Die Firmenübernahme als Karriereschritt

Nicht immer liegt der Schlüssel zum beruflichen Erfolg in der Gründung eines eigenen Unternehmens. Auch die Übernahme einer bereits bestehenden Firma kann ein Weg sein, um beruflich unabhängig und erfolgreich zu werden. Die Firmenübernahme hat dabei einige Vorteile gegenüber einer Neugründung: So kann ein bestehendes Unternehmen auf einen Schatz aus erfahrenen Mitarbeitenden zurückgreifen, die das Produkt oder die Dienstleistung und die Prozesse bereits kennen. Etablierte Firmen haben sich ausserdem einen Kundenstamm und Ressourcen aufgebaut, auf die weiterhin zurückgegriffen werden kann. Es herrscht auch bereits eine Unternehmenskultur, die nicht erst aufgebaut werden muss.

Diese Kultur kann jedoch für Personen, die in so wichtiger Position in das Unternehmen kommen, auch eine Herausforderung sein. Denn es gilt, die alten Prozesse nicht komplett zu verändern und trotzdem die Änderungen voranzutreiben, die mit einer Übernahme mitschwingen. Damit die Übernahme eines Unternehmens letztlich als Erfolg gezählt werden kann, gibt es zahlreiche Faktoren, die erfüllt sein müssen.

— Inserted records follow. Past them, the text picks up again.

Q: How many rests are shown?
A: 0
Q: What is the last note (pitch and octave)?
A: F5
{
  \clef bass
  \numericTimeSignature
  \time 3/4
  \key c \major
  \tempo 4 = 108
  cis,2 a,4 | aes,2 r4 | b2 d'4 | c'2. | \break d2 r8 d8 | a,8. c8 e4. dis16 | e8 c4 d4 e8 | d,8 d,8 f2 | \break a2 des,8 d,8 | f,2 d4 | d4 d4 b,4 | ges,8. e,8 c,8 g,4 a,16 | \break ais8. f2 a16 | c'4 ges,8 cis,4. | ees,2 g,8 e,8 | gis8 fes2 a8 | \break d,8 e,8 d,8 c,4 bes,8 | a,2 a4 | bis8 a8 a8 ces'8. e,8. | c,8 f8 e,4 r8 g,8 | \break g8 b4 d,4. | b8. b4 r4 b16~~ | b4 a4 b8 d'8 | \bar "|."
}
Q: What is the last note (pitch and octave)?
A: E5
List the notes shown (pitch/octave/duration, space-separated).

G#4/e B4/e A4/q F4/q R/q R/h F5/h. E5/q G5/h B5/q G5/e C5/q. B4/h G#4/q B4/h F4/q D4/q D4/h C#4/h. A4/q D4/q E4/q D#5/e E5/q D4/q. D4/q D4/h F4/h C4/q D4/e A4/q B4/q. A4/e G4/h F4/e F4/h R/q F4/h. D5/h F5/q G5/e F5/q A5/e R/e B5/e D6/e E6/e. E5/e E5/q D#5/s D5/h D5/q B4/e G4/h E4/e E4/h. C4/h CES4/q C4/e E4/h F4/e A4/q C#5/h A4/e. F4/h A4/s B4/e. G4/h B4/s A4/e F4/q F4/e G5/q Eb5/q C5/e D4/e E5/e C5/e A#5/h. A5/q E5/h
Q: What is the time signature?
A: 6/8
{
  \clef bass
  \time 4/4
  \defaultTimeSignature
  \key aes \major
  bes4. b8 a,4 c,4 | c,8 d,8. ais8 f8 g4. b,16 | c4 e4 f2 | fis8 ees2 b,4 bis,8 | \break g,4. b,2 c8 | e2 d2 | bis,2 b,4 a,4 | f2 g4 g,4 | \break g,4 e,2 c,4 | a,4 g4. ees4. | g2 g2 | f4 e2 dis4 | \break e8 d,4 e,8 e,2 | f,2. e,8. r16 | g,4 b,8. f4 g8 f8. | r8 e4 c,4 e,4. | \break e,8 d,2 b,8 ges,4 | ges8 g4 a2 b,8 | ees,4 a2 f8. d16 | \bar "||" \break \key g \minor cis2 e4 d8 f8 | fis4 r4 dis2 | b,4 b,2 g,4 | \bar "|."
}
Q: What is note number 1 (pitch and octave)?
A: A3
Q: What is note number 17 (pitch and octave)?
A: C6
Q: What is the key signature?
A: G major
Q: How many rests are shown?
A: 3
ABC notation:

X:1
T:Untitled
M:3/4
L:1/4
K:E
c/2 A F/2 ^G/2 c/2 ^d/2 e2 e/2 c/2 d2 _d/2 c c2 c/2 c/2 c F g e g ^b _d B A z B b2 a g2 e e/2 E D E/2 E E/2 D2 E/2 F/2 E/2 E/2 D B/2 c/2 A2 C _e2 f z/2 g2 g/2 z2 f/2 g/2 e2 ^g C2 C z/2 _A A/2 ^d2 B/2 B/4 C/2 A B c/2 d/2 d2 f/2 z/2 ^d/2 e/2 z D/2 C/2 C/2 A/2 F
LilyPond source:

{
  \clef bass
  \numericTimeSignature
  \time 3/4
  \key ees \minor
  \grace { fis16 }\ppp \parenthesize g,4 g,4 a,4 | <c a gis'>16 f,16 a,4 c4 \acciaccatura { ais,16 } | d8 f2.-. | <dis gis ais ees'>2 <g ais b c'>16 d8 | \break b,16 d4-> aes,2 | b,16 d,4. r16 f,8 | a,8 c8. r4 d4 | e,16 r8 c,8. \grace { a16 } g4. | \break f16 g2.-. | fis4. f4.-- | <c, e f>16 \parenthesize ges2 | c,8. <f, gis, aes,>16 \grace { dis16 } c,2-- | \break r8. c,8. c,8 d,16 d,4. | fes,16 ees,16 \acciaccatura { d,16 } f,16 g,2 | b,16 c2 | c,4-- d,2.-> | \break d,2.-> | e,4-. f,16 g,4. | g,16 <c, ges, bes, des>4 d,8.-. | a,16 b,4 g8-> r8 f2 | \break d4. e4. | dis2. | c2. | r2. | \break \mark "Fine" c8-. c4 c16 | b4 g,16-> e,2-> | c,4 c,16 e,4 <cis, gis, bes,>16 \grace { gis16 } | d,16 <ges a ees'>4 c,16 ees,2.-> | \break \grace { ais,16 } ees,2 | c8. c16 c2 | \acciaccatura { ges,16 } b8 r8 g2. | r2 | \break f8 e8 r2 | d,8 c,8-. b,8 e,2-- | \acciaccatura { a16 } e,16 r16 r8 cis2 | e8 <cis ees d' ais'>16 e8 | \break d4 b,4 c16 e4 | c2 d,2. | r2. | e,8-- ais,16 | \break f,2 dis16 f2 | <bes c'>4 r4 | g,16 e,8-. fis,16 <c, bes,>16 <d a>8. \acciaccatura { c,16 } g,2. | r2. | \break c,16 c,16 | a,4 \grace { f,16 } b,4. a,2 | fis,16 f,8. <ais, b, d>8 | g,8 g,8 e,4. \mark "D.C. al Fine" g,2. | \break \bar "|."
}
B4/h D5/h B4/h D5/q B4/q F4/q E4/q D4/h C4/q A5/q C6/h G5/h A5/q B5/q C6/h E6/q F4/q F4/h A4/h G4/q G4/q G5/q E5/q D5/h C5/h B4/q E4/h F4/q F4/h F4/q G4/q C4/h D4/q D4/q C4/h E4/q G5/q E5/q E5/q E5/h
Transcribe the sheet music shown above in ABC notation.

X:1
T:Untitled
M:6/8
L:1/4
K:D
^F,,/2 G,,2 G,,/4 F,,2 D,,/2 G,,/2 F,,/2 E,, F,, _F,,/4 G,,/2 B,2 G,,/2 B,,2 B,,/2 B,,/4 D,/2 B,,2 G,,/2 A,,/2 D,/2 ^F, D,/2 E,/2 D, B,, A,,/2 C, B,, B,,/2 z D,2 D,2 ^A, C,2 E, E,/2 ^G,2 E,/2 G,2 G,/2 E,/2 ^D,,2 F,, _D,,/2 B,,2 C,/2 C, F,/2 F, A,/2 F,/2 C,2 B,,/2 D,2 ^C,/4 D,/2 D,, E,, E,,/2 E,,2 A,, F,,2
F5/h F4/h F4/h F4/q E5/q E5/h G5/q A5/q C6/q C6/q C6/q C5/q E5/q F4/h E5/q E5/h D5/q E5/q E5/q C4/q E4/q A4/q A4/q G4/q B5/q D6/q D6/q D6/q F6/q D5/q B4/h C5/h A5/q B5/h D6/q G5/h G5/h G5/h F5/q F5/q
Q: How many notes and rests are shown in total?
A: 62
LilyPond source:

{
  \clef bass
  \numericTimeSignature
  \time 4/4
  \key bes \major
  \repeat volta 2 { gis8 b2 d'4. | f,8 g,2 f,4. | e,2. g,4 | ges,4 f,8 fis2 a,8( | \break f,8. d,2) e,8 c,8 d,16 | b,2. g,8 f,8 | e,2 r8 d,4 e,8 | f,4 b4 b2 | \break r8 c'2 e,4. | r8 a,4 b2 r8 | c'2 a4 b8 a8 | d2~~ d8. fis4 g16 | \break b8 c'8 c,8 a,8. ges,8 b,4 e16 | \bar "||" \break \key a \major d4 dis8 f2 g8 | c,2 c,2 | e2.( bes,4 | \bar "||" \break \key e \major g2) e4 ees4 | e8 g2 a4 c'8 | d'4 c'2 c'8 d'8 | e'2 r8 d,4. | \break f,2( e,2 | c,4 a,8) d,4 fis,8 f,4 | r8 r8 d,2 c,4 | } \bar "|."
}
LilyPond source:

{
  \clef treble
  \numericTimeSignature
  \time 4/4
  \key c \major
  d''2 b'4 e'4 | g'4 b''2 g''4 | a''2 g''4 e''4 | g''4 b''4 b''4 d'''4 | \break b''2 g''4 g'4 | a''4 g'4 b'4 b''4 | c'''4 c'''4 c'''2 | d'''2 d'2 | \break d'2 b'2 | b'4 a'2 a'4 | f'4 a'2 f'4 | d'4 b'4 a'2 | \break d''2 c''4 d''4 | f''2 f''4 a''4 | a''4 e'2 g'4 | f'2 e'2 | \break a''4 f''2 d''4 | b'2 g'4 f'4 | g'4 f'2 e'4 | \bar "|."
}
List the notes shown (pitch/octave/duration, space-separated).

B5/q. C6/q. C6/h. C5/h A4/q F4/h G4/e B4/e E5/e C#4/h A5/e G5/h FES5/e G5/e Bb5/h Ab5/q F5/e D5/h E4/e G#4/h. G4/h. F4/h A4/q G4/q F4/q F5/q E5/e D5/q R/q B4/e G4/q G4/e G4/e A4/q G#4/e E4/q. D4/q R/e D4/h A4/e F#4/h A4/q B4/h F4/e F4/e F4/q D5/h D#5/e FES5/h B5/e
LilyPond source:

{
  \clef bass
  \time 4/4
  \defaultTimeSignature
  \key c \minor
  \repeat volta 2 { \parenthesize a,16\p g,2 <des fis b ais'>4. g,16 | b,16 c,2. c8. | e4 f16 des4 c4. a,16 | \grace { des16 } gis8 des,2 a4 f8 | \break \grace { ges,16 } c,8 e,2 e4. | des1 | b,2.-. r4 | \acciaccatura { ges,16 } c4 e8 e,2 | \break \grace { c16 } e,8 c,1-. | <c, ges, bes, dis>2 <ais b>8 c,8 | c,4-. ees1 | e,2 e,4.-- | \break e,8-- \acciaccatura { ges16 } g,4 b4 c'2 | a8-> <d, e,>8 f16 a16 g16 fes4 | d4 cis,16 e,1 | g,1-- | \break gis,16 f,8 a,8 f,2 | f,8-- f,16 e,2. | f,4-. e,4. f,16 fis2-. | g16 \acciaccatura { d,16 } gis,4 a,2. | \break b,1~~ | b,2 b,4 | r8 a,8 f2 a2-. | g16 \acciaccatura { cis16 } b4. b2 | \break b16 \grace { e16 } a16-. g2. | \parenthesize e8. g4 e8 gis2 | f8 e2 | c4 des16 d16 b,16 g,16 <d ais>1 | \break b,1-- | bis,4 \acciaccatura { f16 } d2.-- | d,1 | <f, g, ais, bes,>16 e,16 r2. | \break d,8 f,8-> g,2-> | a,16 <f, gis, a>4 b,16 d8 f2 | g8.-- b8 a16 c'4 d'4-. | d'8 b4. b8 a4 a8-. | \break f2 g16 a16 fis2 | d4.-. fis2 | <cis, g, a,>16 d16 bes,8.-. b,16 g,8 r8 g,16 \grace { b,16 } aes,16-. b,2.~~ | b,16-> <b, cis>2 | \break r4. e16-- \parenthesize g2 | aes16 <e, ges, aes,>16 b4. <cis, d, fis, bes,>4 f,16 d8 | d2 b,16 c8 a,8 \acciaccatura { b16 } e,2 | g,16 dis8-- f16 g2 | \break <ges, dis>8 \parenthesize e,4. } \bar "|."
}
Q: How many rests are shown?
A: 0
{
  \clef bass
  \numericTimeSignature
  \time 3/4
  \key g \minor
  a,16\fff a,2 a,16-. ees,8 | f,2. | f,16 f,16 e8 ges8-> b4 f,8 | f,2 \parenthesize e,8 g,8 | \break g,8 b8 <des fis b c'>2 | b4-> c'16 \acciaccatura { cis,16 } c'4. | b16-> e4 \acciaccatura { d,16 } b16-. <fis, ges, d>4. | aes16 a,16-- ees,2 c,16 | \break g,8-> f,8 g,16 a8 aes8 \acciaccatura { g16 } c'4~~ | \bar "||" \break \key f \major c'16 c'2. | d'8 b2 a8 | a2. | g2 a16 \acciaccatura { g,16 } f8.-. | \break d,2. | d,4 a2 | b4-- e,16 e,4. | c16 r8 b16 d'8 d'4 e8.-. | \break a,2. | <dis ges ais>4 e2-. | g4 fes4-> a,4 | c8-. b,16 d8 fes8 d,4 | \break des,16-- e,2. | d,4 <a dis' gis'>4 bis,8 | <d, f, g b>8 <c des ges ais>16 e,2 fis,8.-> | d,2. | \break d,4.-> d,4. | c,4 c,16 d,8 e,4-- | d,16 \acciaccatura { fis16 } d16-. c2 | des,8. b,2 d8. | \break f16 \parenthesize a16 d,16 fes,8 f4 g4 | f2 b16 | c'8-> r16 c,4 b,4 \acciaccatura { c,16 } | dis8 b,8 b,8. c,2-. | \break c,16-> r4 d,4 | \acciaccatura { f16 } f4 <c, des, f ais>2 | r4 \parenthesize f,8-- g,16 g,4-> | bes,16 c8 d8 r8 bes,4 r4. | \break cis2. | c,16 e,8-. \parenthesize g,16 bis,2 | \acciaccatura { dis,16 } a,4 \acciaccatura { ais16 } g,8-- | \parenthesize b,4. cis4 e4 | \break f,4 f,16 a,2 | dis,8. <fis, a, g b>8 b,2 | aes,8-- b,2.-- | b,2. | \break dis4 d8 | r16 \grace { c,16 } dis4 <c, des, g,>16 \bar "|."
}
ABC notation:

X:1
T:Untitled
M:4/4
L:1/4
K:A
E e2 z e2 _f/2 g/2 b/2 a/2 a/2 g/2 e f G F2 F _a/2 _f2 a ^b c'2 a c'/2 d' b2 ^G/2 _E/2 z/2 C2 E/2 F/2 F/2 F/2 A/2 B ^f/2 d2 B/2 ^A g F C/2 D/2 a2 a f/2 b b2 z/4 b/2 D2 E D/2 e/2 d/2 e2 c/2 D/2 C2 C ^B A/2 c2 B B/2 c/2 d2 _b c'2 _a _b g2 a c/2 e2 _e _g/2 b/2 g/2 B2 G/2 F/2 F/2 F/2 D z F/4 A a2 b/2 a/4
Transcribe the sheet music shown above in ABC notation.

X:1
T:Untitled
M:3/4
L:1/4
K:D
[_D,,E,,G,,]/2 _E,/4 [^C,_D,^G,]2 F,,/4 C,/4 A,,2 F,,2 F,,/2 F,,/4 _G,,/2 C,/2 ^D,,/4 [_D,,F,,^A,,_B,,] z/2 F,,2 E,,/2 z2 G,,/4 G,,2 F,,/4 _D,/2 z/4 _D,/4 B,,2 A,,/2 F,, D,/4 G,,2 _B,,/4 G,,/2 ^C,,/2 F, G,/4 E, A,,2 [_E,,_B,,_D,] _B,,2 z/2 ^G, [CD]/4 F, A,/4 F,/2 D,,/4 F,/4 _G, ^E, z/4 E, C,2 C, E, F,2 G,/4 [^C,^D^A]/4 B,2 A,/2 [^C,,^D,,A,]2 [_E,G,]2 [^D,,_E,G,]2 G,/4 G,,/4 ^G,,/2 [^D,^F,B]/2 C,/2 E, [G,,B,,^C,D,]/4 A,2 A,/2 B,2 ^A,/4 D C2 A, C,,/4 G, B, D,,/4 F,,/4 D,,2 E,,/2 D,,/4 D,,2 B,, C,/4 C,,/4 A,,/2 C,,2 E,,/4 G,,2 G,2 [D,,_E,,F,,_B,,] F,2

1. Gemeinsame Ziele und eine geeinte Unternehmensvision

Interessieren sich potenzielle Käuferinnen und Käufer für ein Unternehmen, möchten sie sich meist zuallererst einen Überblick über die wichtigsten Zahlen und Fakten verschaffen. Doch besonders in den ersten Gesprächen sollten weiche Faktoren, wie ein gemeinsames Wertesystem oder dieselbe Vision, mehr Gewicht haben. Stimmen die Vorstellungen nicht mit denen des Unternehmens und der Belegschaft überein, kann es im späteren Verlauf der Übernahme und der Unternehmensführung immer wieder zu Konflikten kommen.

Über folgende Fragen sollten sich Interessenten und die aktuellen Verkäuferinnen und Verkäufer einig sein: 

  • Stimmen die Vorstellungen über Wertekriterien und die Kultur des Unternehmens überein?
  • Steht das Management-Team hinter der langfristigen Vision?
  • Bleibt die Verkäuferin oder der Verkäufer auch nach der Firmenübernahme involviert?
  • Gehen alle Beteiligten in dieselbe strategische Richtung?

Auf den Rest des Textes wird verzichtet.